Do ponto de vista ambiental, há uma mudança para o uso de fluidos mais ecológicos com menor potencial de aquecimento global, que têm emissões de gases de efeito estufa significativamente menores em comparação com fluidos de gerações anteriores. Num esforço para reduzir a dependência dos combustíveis fósseis, os sistemas de ar condicionado estão cada vez mais integrados com fontes de energia renováveis, como a energia solar. Isto permite que o sistema funcione utilizando energia limpa, resultando em emissões de carbono reduzidas e custos de funcionamento mais baixos.

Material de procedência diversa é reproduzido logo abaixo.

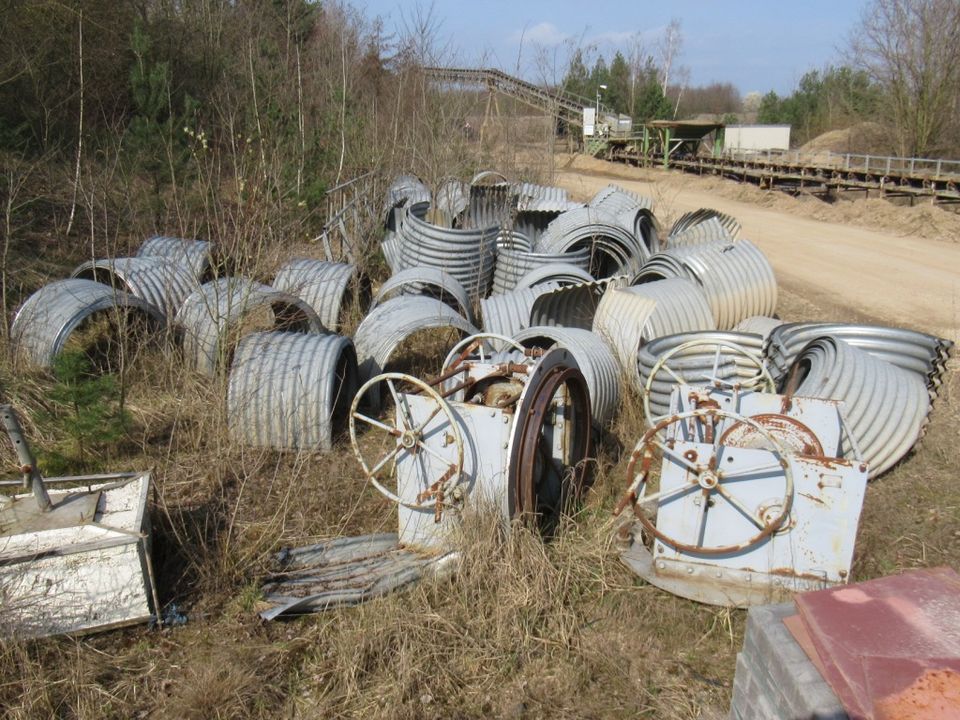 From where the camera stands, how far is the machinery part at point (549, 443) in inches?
163

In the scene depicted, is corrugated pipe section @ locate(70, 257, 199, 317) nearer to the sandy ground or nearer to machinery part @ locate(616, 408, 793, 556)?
machinery part @ locate(616, 408, 793, 556)

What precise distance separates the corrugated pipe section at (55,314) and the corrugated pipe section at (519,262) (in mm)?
3973

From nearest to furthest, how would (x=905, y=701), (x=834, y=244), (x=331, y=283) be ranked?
(x=905, y=701)
(x=331, y=283)
(x=834, y=244)

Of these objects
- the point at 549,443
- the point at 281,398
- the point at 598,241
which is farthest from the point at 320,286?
the point at 549,443

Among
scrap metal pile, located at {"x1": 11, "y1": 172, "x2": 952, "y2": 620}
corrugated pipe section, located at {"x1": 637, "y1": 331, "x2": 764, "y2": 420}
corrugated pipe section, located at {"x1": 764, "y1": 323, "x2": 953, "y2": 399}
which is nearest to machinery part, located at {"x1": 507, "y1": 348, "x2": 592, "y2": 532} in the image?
scrap metal pile, located at {"x1": 11, "y1": 172, "x2": 952, "y2": 620}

Tecnologias avançadas de purificação do ar para melhorar a qualidade do ar interior podem filtrar o pó, os alergénios e os poluentes nocivos, garantindo um ambiente mais saudável. Os sensores e algoritmos avançados optimizam a utilização com base nas condições de ocupação e temperatura, permitindo arrefecer ou aquecer apenas as áreas que o requerem, resultando em níveis de conforto óptimos e num consumo de energia reduzido.
Os termóstatos inteligentes tornam-se ainda mais sofisticados, integrando-se em sistemas de domótica e utilizando algoritmos de inteligência artificial para aprender as preferências dos ocupantes e ajustar as definições em conformidade. Podem monitorizar e gerir várias zonas, detectar a ocupação, optimizar as programações e até fornecer relatórios de utilização de energia.
As unidades de ar condicionado estão também a tornar-se mais elegantes e esteticamente mais agradáveis, integrando-se perfeitamente na arquitectura moderna. Os designs compactos e os materiais inovadores ajudam a minimizar o impacto físico e visual destes sistemas em casas e edifícios.